9 Gedaljáhoe, de zoon van Achikam, zoon van Sjafan, verzekerde hun en hun mannen onder ede: Ge behoeft niet bang te zijn voor de Chaldeeuwse beambten; zet u neer in het land, en onderwerpt u aan den koning van Babel; dan zal het u goed gaan.
And Gedalyahu the son of Achikam the son of Shaphan swore unto them and unto their men, saying, Have no fear to serve the Chaldeans: remain in the land, and serve the king of Babylon, and it will be well with you.
10 Ik zelf blijf in Mispa, om ter beschikking te staan van de Chaldeën, die tot ons zullen komen. Gaat gij uw wijn, ooft en olie maar oogsten, en in uw vaten opleggen; blijft in uw steden, waar ge u hebt gevestigd.

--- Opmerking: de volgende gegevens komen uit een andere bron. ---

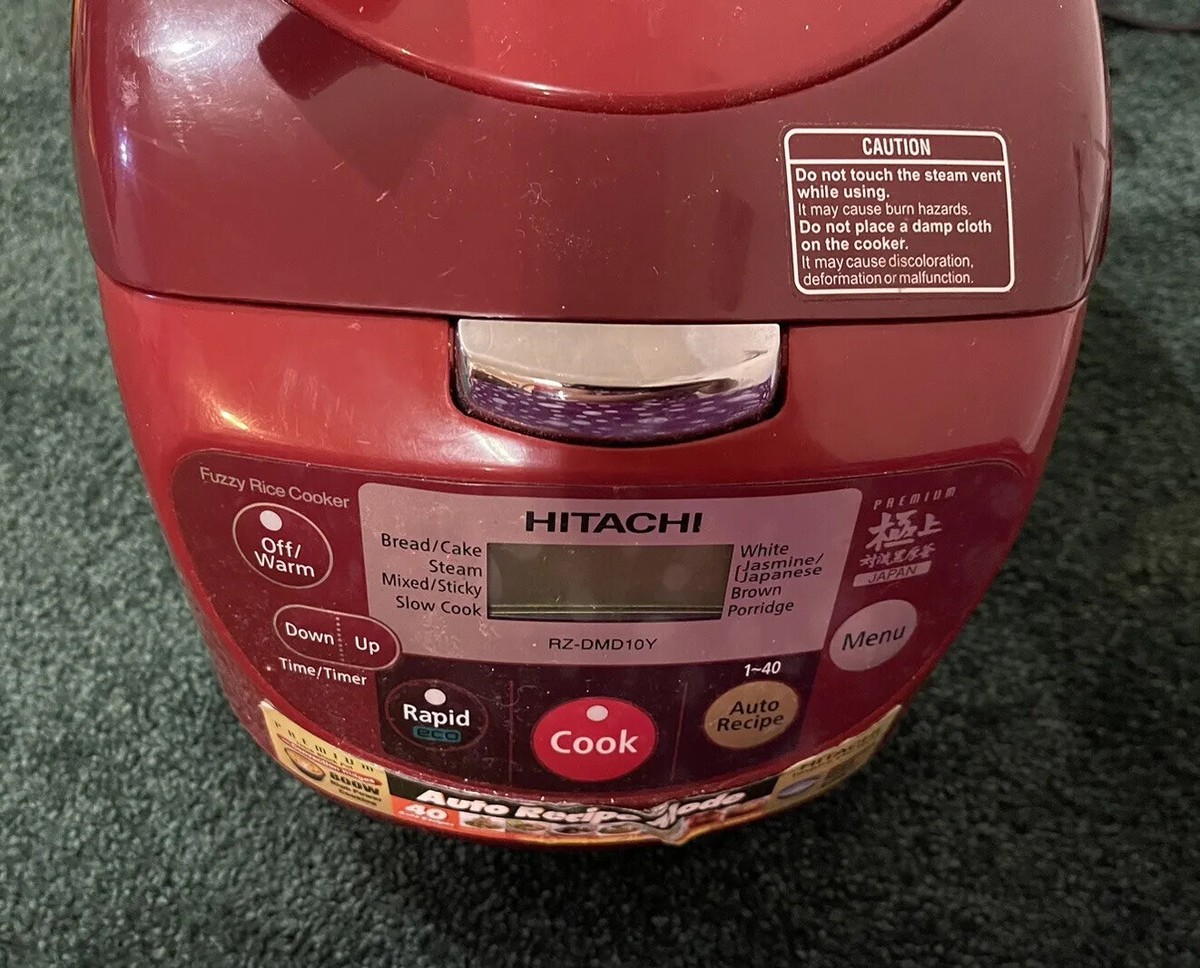 HITACHI ELECTRONIC RICE COOKER (RZ-DMD10Y) 8000W | eBay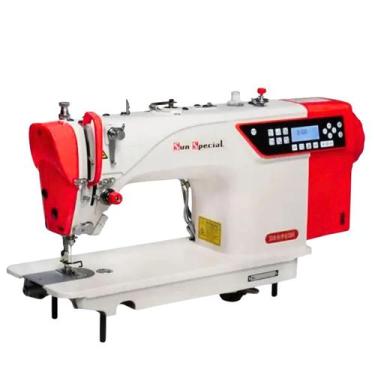 Imagem de Máquina de Costura Industrial Reta Eletrônica Direct Drive com Pontos 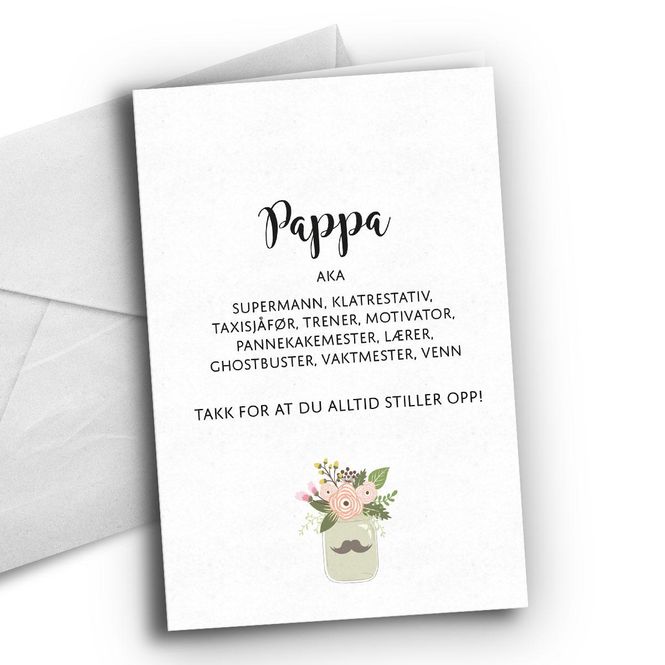 Hovedbilde Pappa aka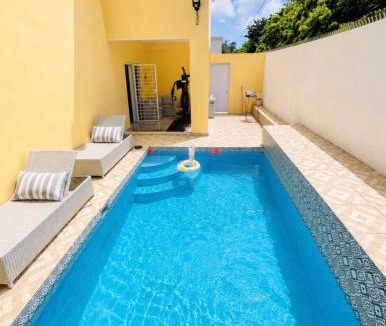 Montellano Villa | Lovely House,Pool,AC,Near Sea,Gym,BBQ,Puerto Plata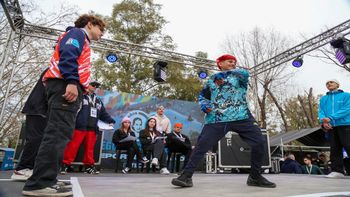 El freestyle fue una de las actividades más particulares. El freestyle fue una de las actividades más particulares.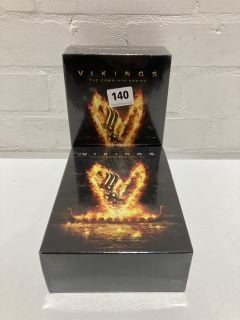 2 X VIKINGS THE COMPLETE SERIES ALL 6 SERIES AND SPECIAL FEATURES (18+)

As for me, behold, I will dwell at Mizpah, to stand before the Chaldeans, who will come unto us; but ye, gather ye together wine, and summer-fruits, and oil, and put them in your vessels, and dwell in your cities of which ye have taken possession.
11 Toen ook de andere Judeërs, die in Moab, onder de Ammonieten, in Edom of elders vertoefden, hoorden, dat de koning van Babel een gedeelte van Juda had gespaard, en Gedaljáhoe, den zoon van Achikam, zoon van Sjafan, daarover had aangesteld,
And so likewise all the Jews that were in Moab, and among the children of 'Ammon, and in Edom, and that were in all the countries, heard that the king of Babylon had left a remnant unto Judah, and that he had appointed over them Gedalyahu the son of Achikam the son of Shaphan;
12 keerden allen uit de plaatsen terug, waarheen ze waren verstrooid, en trokken op naar het land van Juda naar Gedaljáhoe te Mispa. En ze hadden een rijke oogst in wijn en vruchten.
And then did all the Jews return out of all places whither they had been driven, and came to the land of Judah, to Gedalyahu, unto Mizpah, and gathered together wine and summer-fruits in very great abundance.
13 Een tijd later kwamen Jochanan, de zoon van Karéach, en alle legeroversten die rondgezworven hadden, naar Gedaljáhoe te Mispa.
And Jochanan the son of Kareach, and all the captains of the armies that were in the field, came to Gedalyahu to Mizpah,
14 Ze zeiden hem: Weet ge wel, dat Baälis, de koning der Ammonieten, Jisjmaël, den zoon van Netanja, heeft gestuurd, om u om het leven te brengen? Maar Gedaljáhoe, de zoon van Achikam, geloofde hen niet.
And they said unto him, Dost thou at all know that Ba'alis the king of the children of 'Ammon hath sent Ishmael the son of Nethanyah to deprive thee of life? But Gedalyahu the son of Achikam believed them not.
15 Toch deed Jochanan, de zoon van Karéach, Gedaljáhoe te Mispa heimelijk dit voorstel: Als ge wilt, zal ik Jisjmaël, den zoon van Netanja, gaan doden, zonder dat iemand er iets van bemerkt; waarom u door hem laten vermoorden, en alle Judeërs, die zich om u hebben verzameld, weer laten verstrooien, en wat er van Juda gespaard is gebleven ten ondergang doemen?
And Jochanan the son of Kareach said to Gedalyahu secretly in Mizpah, as followeth, Let me go, I pray thee, and I will slay Ishmael the son of Nethanyah, and no man shall know of it: wherefore should he deprive thee of life, whereby all the Jews who are gathered unto thee would be scattered, and the remnant of Judah be lost?
16 Maar Gedaljáhoe, de zoon van Achikam, gaf Jochanan, den zoon van Karéach, ten antwoord: Dat moogt ge niet doen; want het is niet waar, wat ge van Jisjmaël zegt.
But Gedalyahu the son of Achikam said unto Jochanan the son of Kareach, Thou shalt not do this thing; for thou speakest a falsehood concerning Ishmael.